It also conducted a survey that found that roughly two-thirds of U.S. states make it illegal to participate in sports betting pools if money is involved. Enforcing those laws, however, has not been a priority for law enforcement.
"Our current sports betting laws are so out of touch with reality that we're turning tens of millions of Americans into criminals for the simple act of enjoying college basketball," said Geoff Freeman, president and CEO of the American Gaming Association. "The failed federal ban on sports betting has created an illegal, unregulated sports betting market that offers zero consumer protections and generates zero revenue for state and tribal governments."
Freeman said only 3 percent of the $10 billion the group predicts will be wagered on the games will be done through legal Nevada sports books, or about $300 million.

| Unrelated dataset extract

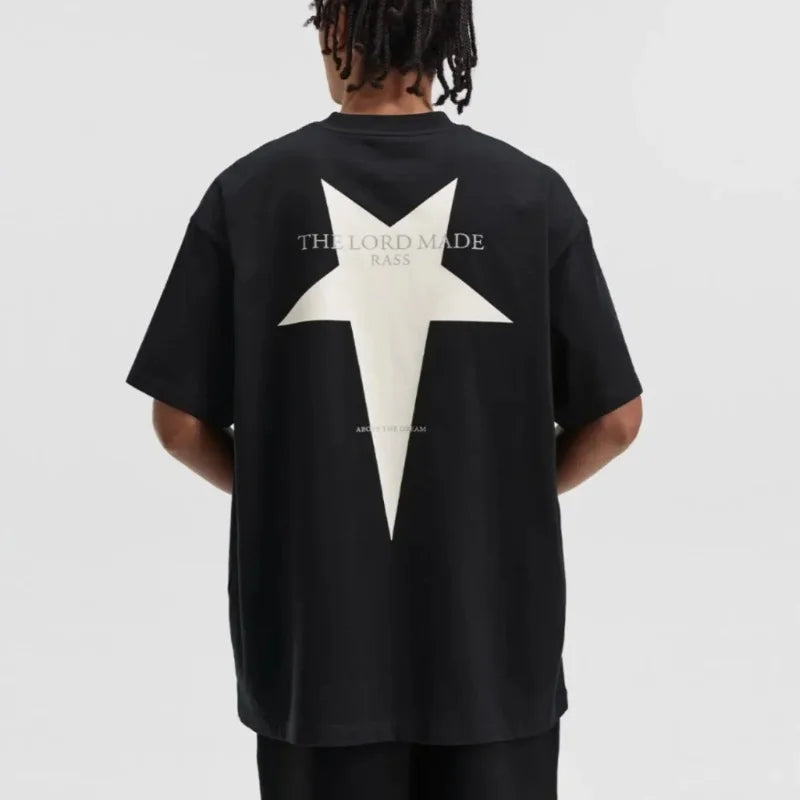 2024 Summer New Harajuku Hip Hop Fashion Pentagram Printed T-shirt Cotton Comfortable High-quality Round Neck Short Sleeve Tops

The group also counted 48 pieces of sports betting legislation active in 18 state legislatures across the country as lawmakers anticipate a favorable Supreme Court ruling and prepare for the advent of legal sports betting.
The Council on Compulsive Gambling of New Jersey says "sports betting is a cause for concern." While neutral on gambling, the group has been contacting New Jersey lawmakers to discuss needs that will arise if sports betting is legalized.
"Sports betting may have more appeal to our children, it has the potential to affect the integrity of the games, and it may put many more people at risk for problem and disordered gambling," said Neva Pryor, the group's executive director.